[Start of section]

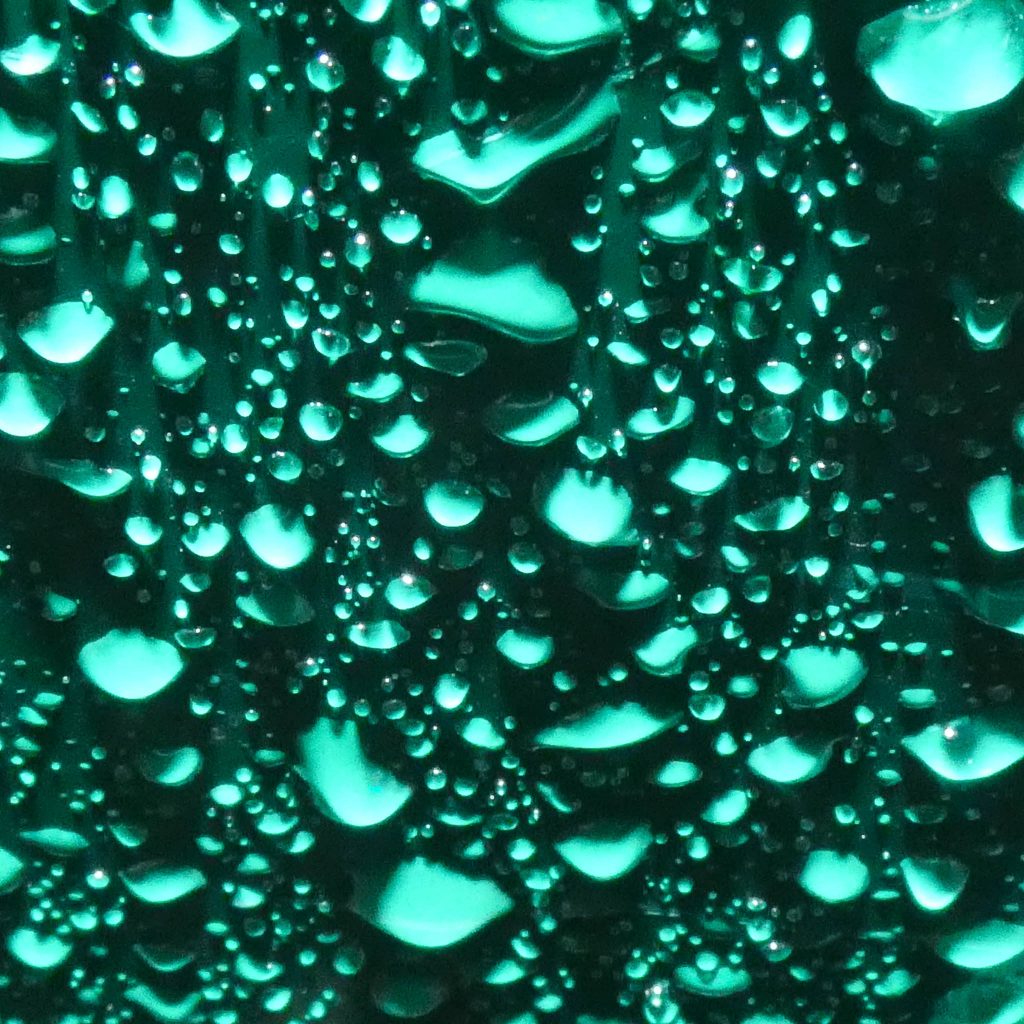 Une photographie Macro de gouttes d'eau sur fond vert.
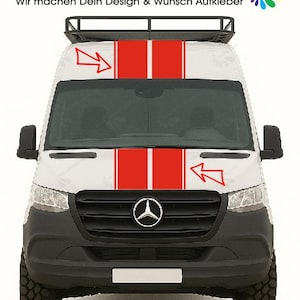 May include: White van featuring red racing stripes and a roof rack. The vehicle has black detailing, a Mercedes-Benz emblem, and large off-road tyres. The text "Seitenstreifen.com" is displayed at the top.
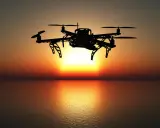 Drohne fliegt über dem Meer bei Sonnenuntergang. Bevor Sie abheben, müssen Sie Ihren Drohnenflug anmelden.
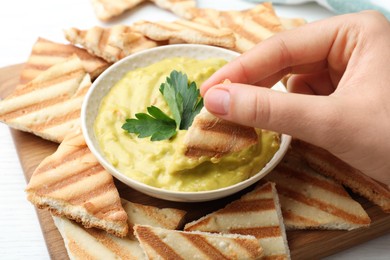 Woman dipping pita chip into hummus at table, closeup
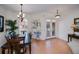 Elegant dining space with a wooden table, decorative lighting, and beautiful entryway at 4308 Via Del Santi, Venice, FL 34293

[End of section]

• [AIM OF THE TASK]:
Repeat the data exactly, dropping every picture it holds.

• [PROBLEM SOLUTION]:
 Une photographie Macro de gouttes d'eau sur fond vert.
 May include: White van featuring red racing stripes and a roof rack. The vehicle has black detailing, a Mercedes-Benz emblem, and large off-road tyres. The text "Seitenstreifen.com" is displayed at the top.
 Drohne fliegt über dem Meer bei Sonnenuntergang. Bevor Sie abheben, müssen Sie Ihren Drohnenflug anmelden.
 Woman dipping pita chip into hummus at table, closeup
 Elegant dining space with a wooden table, decorative lighting, and beautiful entryway at 4308 Via Del Santi, Venice, FL 34293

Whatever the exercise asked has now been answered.